With the development of smart farming and edge computing, estrus monitoring systems are required to achieve both high detection accuracy and real-time performance while maintaining low deployment costs on resource-constrained platforms such as edge devices and smart cameras [16]. Consequently, balancing detection accuracy and computational efficiency in complex farm environments has become a key research focus in visual estrus monitoring.

The main contributions of this study are summarized as follows:

(1): A vision-based cow estrus behavior recognition framework, CE-YOLO, is proposed for efficient edge device deployment, balancing detection accuracy with computational speed.
(2): A CA-Down module is designed to effectively mitigate the loss of small-scale estrus behavior features during repeated downsampling operations.
(3): The network architecture is optimized by integrating the SimSPPF and DySample modules. This specific integration effectively enhances multi-scale feature representation and dynamic spatial alignment, specifically addressing farm environment challenges such as severe occlusion, dense herds, and complex backgrounds.
(4): Extensive experiments are conducted on real-world farm datasets, validating the effectiveness, real-time performance, and practical applicability of the proposed method compared to state-of-the-art baselines.

2. Materials and Methods

2.1. Dataset

The dataset was derived from a public repository [17], where ground-truth estrus events were initially validated by veterinarians. To ensure reproducibility and avoid ambiguity, YOLO format annotations strictly target mounting behavior (actively mounting or standing to be mounted), deliberately excluding secondary signs like restlessness. Due to the low frequency of this event, each image contains exactly one bounding box.

We expanded the original 400 images via random rotation, multi-scale scaling, and contrast enhancement into a curated set of 2000 images. The dataset was partitioned into training and test subsets (8:2) using a video-wise splitting strategy to prevent temporal data leakage. Notably, to evaluate real-world generalization, the dataset incorporates diverse conditions and challenging scenarios (Figure 1), such as heavy occlusion in dense herds and low-light ambiguity.

2.2. Improved Method

In this study, we propose CE-YOLO, a dedicated estrus behavior detection model built upon the lightweight YOLOv11n framework [18]. To address the specific challenges of dairy farm environments, such as small target features and complex background interference, we have reconstructed the network architecture by integrating channel-aware attention and dynamic upsampling mechanisms.

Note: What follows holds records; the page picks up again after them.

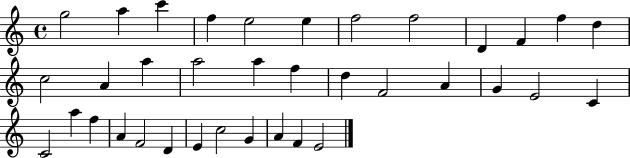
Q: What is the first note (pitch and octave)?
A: G5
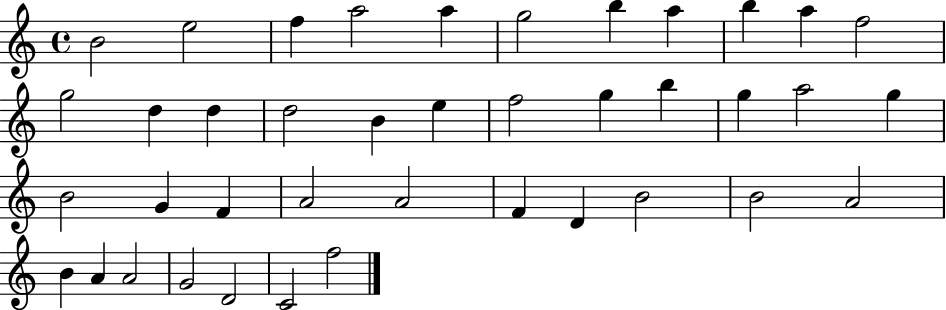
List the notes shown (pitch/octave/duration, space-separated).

B4/h E5/h F5/q A5/h A5/q G5/h B5/q A5/q B5/q A5/q F5/h G5/h D5/q D5/q D5/h B4/q E5/q F5/h G5/q B5/q G5/q A5/h G5/q B4/h G4/q F4/q A4/h A4/h F4/q D4/q B4/h B4/h A4/h B4/q A4/q A4/h G4/h D4/h C4/h F5/h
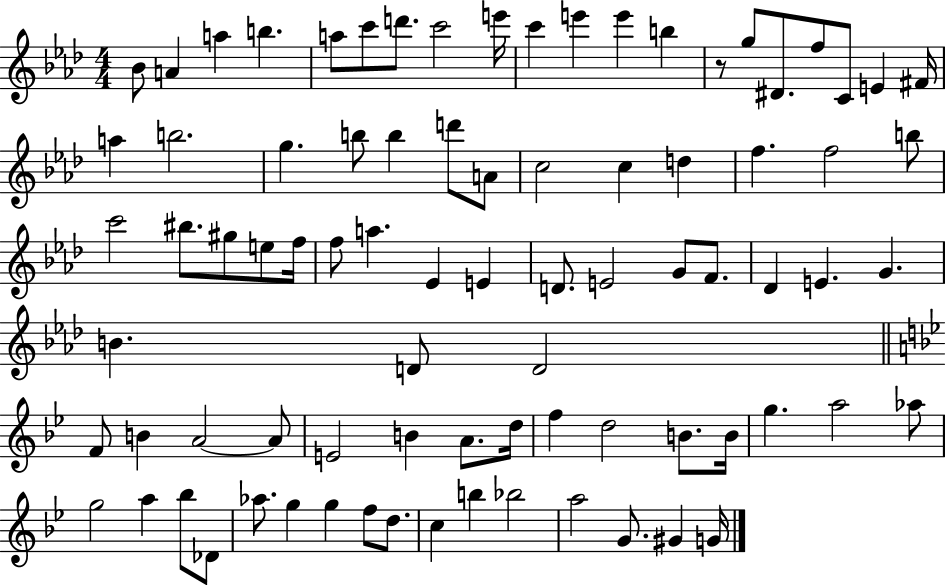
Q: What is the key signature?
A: AES major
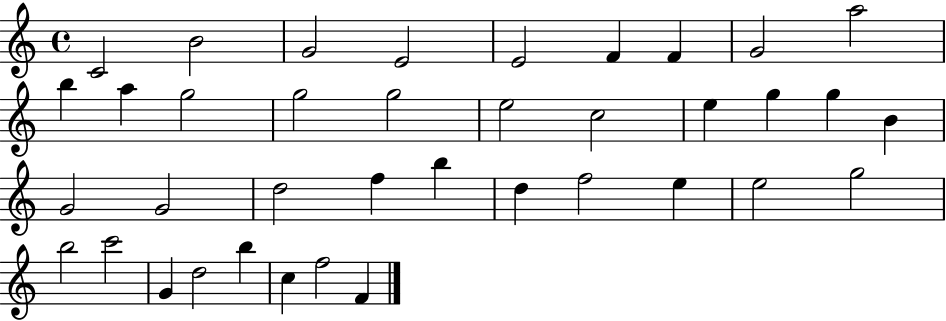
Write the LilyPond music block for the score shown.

{
  \clef treble
  \time 4/4
  \defaultTimeSignature
  \key c \major
  c'2 b'2 | g'2 e'2 | e'2 f'4 f'4 | g'2 a''2 | \break b''4 a''4 g''2 | g''2 g''2 | e''2 c''2 | e''4 g''4 g''4 b'4 | \break g'2 g'2 | d''2 f''4 b''4 | d''4 f''2 e''4 | e''2 g''2 | \break b''2 c'''2 | g'4 d''2 b''4 | c''4 f''2 f'4 | \bar "|."
}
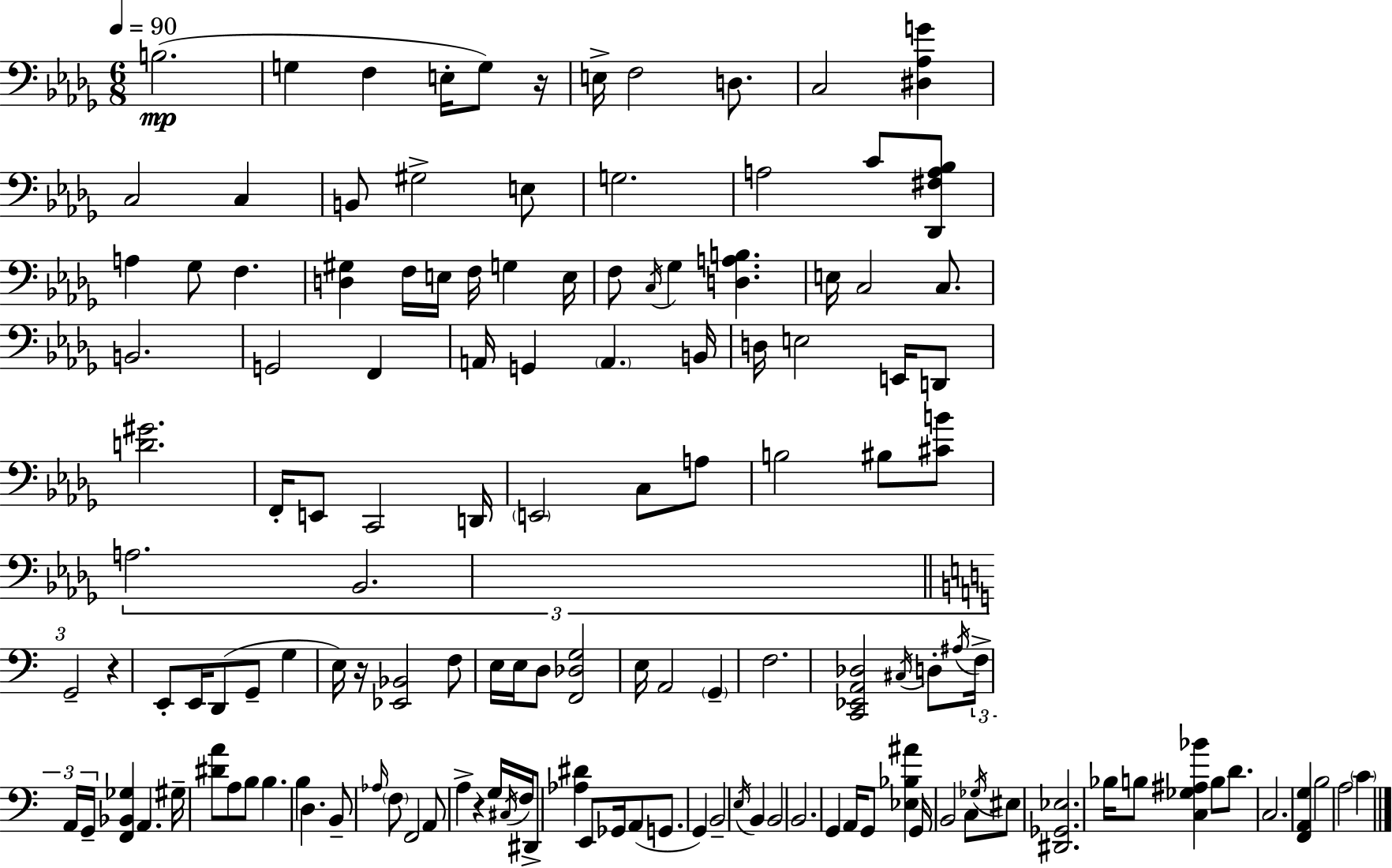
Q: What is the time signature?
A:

The overall architecture of CE-YOLO is illustrated in Figure 2. The network pipeline consists of three main components: (1) the Backbone, responsible for feature extraction, where the proposed CA-Down modules are embedded to preserve fine-grained details during downsampling; (2) the Neck, utilizing the SimSPPF and DySample modules to enhance multi-scale feature fusion and semantic alignment; and (3) the Head, performing the final object classification and bounding box regression. By jointly optimizing these components, CE-YOLO achieves a balance between detection accuracy and inference speed.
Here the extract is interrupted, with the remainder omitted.